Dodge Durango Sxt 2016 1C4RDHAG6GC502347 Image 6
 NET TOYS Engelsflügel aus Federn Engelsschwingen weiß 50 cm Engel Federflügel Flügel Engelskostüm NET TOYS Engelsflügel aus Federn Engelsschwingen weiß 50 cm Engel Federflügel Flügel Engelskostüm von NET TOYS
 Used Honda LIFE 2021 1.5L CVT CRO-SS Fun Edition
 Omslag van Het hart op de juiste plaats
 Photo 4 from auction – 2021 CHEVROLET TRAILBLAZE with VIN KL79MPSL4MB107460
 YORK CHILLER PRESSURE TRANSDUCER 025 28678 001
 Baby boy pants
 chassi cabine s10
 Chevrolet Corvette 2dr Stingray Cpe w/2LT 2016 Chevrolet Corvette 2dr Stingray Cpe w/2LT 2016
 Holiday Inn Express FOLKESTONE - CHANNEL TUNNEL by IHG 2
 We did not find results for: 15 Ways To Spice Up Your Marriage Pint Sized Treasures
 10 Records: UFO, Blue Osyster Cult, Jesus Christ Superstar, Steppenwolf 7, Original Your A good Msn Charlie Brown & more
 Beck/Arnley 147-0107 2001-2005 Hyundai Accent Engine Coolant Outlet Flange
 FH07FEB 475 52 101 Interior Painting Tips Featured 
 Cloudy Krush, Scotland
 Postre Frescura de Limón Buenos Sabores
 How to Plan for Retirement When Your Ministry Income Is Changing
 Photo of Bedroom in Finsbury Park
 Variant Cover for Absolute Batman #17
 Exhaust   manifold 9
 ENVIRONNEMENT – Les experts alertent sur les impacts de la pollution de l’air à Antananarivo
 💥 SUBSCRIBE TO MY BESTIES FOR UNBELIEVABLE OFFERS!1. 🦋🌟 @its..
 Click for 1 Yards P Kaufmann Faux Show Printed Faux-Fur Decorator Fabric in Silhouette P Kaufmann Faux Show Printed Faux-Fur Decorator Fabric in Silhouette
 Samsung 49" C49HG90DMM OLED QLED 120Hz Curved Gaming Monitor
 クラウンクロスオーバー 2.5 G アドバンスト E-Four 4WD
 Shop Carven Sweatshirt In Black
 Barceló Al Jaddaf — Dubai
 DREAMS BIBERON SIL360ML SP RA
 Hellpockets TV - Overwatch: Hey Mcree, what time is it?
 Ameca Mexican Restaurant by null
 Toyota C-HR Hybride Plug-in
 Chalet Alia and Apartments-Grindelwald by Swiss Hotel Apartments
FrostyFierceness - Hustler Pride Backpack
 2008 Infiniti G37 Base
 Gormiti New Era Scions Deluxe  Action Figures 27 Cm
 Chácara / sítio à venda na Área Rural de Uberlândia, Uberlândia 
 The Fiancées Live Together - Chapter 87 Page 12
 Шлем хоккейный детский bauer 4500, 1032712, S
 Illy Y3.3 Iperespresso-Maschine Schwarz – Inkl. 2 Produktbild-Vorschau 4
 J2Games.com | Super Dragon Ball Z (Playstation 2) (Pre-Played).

• Aim of the exercise
Within the data above, pick out all lines holding the word "Photo".

• Your response
 Photo 4 from auction – 2021 CHEVROLET TRAILBLAZE with VIN KL79MPSL4MB107460
 Photo of Bedroom in Finsbury Park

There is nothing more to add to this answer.